The use of machine learning, A.I. and deepfakes are gaining a whole heap of traction in VFX right now. Which is one reason the documentary film Welcome to Chechnya has also garnered attention. It used these visual effects techniques to help protect the identities of those interviewed for David France’s film about activists working to help gay men and woman fleeing from persecution from the Russian republic of Chechnya.

After initially looking to filtering and rotoscoping and animation to cover the faces of his interview subjects, France turned to visual effects supervisor Ryan Laney and his team to ‘mask’ those on camera with the identities of ‘face doubles’ (the voices were also fabricated) using various techniques, including the machine learning ones. The idea was to preserve the emotional impact of the stories of these individuals without revealing who they were.

Here’s how they pulled it off.

b&a: I’m curious what you ‘called’ your face swapping effect in the end, but first, as a filmmaker, David, how did you come to choose the kind of approach you would take to mask the identities of the people in the film?

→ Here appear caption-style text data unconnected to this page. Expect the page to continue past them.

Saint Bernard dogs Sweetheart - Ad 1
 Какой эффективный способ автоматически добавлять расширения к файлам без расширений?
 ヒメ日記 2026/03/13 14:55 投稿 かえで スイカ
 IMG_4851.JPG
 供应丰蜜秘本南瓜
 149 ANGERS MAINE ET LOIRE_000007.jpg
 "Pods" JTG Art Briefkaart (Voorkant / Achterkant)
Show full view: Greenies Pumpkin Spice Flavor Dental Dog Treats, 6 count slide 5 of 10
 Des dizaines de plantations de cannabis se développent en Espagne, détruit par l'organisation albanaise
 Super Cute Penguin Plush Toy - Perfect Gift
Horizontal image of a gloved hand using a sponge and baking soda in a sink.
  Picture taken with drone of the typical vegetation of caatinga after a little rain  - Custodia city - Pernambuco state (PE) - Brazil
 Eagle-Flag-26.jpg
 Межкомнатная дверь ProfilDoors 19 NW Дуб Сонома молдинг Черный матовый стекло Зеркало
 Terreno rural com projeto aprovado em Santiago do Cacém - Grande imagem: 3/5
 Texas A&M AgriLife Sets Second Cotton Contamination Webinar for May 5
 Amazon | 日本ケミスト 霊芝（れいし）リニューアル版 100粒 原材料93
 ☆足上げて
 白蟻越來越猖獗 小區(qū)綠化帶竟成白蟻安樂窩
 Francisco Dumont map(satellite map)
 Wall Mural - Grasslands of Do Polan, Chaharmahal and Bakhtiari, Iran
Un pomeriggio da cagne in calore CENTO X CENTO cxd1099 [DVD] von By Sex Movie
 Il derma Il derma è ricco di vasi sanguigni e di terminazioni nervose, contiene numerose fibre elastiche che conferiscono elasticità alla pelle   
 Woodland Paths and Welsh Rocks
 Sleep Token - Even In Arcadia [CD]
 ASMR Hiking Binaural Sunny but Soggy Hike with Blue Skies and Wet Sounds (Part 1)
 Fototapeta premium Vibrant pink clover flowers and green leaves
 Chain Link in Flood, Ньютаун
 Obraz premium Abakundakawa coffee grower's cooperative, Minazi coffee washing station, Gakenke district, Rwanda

David France: I had, of course never had a need to disguise anybody before in a documentary. And I promised everybody who I was filming that I would disguise them to the highest standard, which was that even their own mothers wouldn’t recognize them. And I was sure I could do that. And it wasn’t until it came back that I realized that I was taking on something that was going to be quite a challenge. So the first thing that we started working with and keeping in mind Ian that all of this was being done in secret because we were protecting the footage potentially from state actors. We worked only on encrypted drives. We spoke only on encrypted lines. We created an edit suite that was air gapped so that none of the computers that worked on the footage had ever been on the internet.

So then we brought people into the studio to do this kind of roto-mation approach with pulling people out of the film, filtering them, putting them back in. And we discovered to our surprise that that looked good, but it didn’t disguise. And then we brought more people in, put more filters on the faces to expand the size of noses to alter the facial shapes, but it had the effect of actually making people more recognizable. It accentuated their noses and their foreheads and their ears, the things about them that their mother would know intimately. So we just failed over and over. We tried using kind of Snapchat-y kind of approaches, where we would put like glasses on people.

And we developed an entire language of masks where we tried like the Ninja Turtle masks. And we tried the stagecoach robber mask. And we tried a bunch of stuff that also didn’t disguise, or if it did disguise, it erased the humanity of the person and certainly didn’t fit or match the urgency and seriousness of the film. And that’s what brought us to Ryan. And Ryan had been thinking with his team about ways to do some of this stuff already. So we found a mind already engaged in this, and we were lucky we did.

Ryan Laney: We call them ‘veils’, just to answer that first question. So, David luckily had spent a good amount of time trying some other ideas. And even though they didn’t work, they were really valuable in giving us a message about what was working and what could work and where we needed to spend attention. We ended up drawing from academia and a few papers that have been written in previous years.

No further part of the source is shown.